■ **Records for this task**
---*---

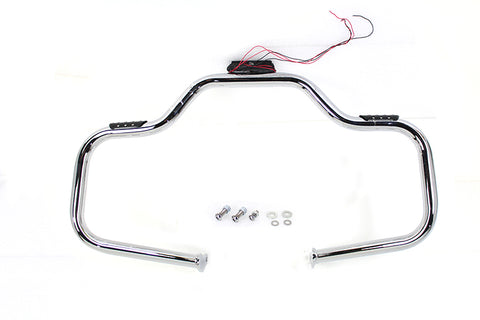 Chrome Front Turn Signal Highway Bar - V-Twin Mfg.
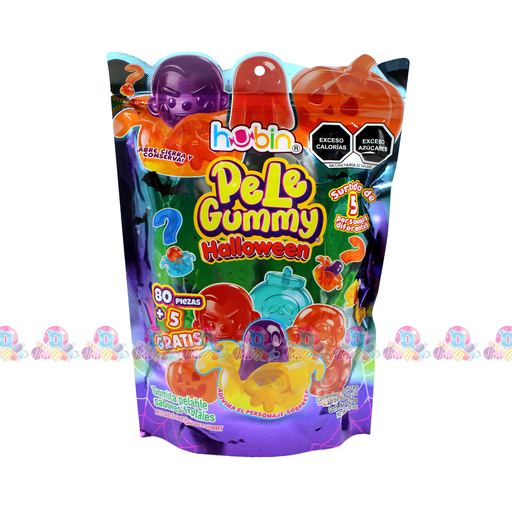 [073052] HUBIN BLS PELE GUMMY HALLOWEEN 5g 80+5s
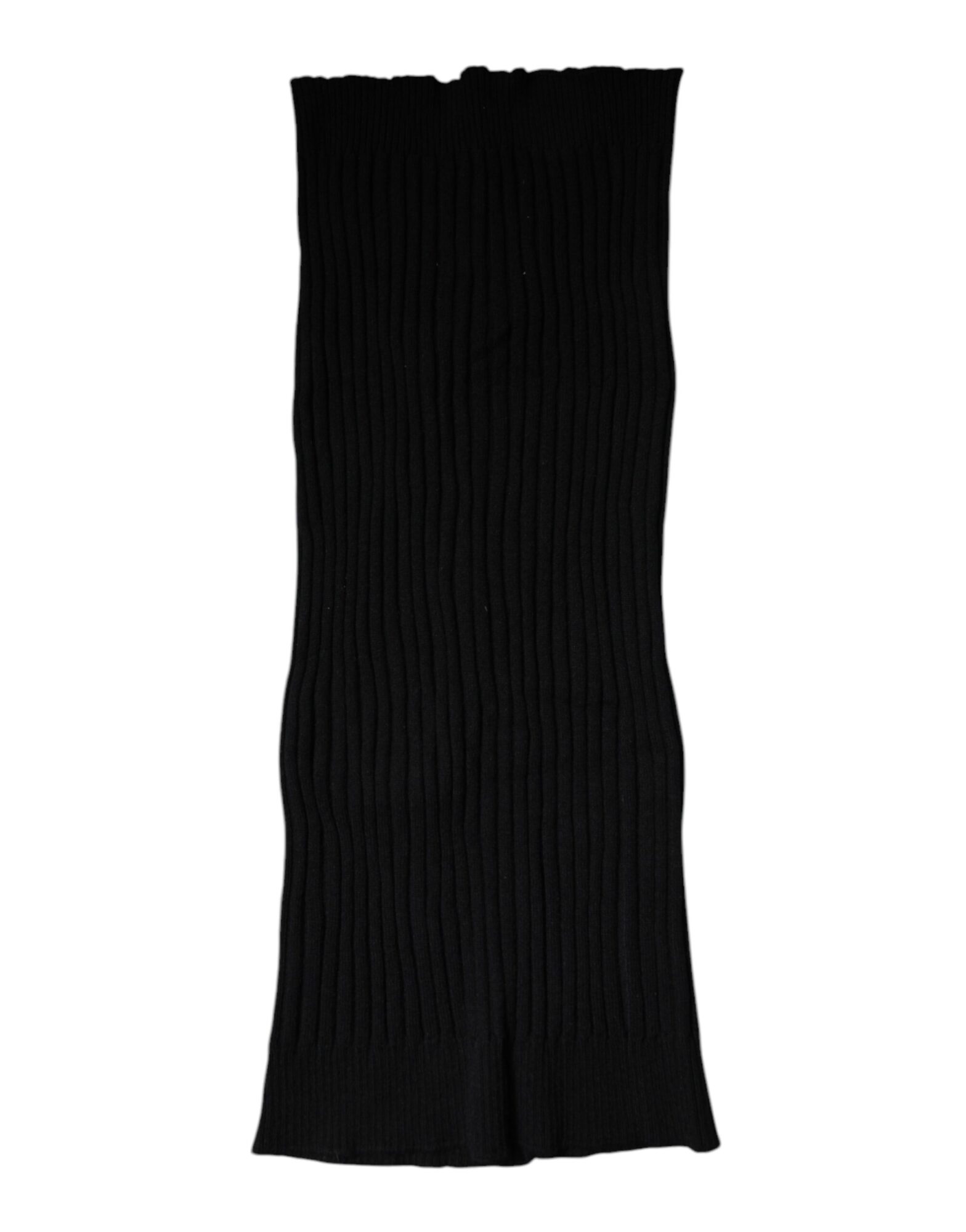 Dolce & Gabbana - Black Cashmere Knitted Neck Warmer Foulard Scarf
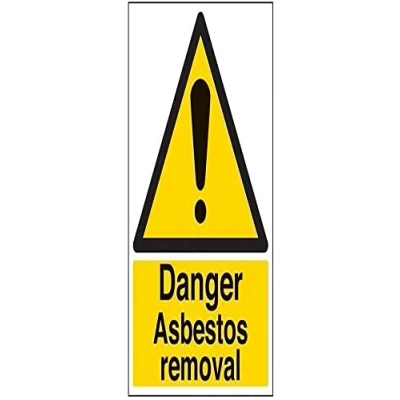 Image of V Safety Danger Asbestos Removal Warning Sign 300mm x 400mm 1mm Rigid Plastic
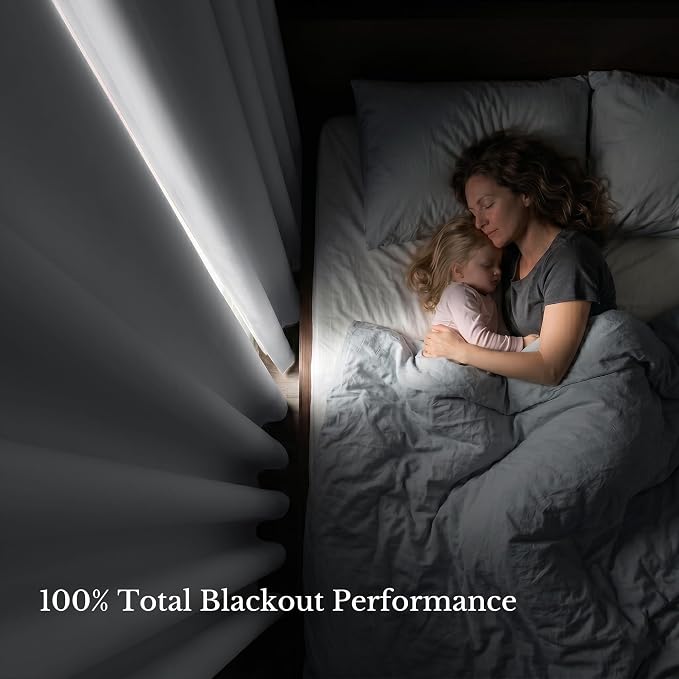 NICETOWN 100% Blackout Window Curtain Panels, Cold and Full Light Blocking - Image 2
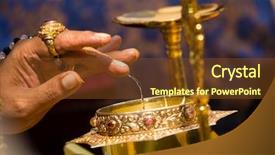  Presentation with prayer - Beautiful PPT layouts featuring royal blessing - traditional balinese priest prayer rituals backdrop and a tawny brown colored foreground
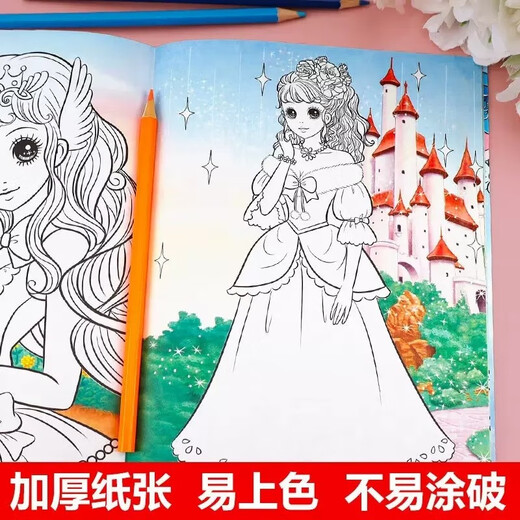 Livres de coloriage de princesse, 6 volumes, livres de dessin pour enfants, dessins des élèves de l'école primaire, livres de peinture, outils de filles, graffiti
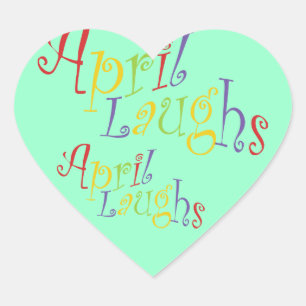April Laughs - Heart Sticker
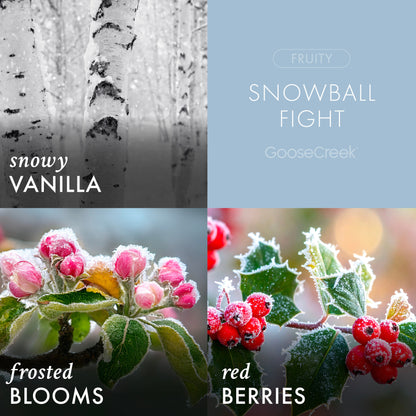 Snowball Fight 3-Wick Candle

---*---

■ **What is expected**
With the pictures left out, output the lines from the one containing "Livres de coloriage" through the last line of the records above, exactly as they are.

■ **Written reply**
 Livres de coloriage de princesse, 6 volumes, livres de dessin pour enfants, dessins des élèves de l'école primaire, livres de peinture, outils de filles, graffiti
April Laughs - Heart Sticker
 Snowball Fight 3-Wick Candle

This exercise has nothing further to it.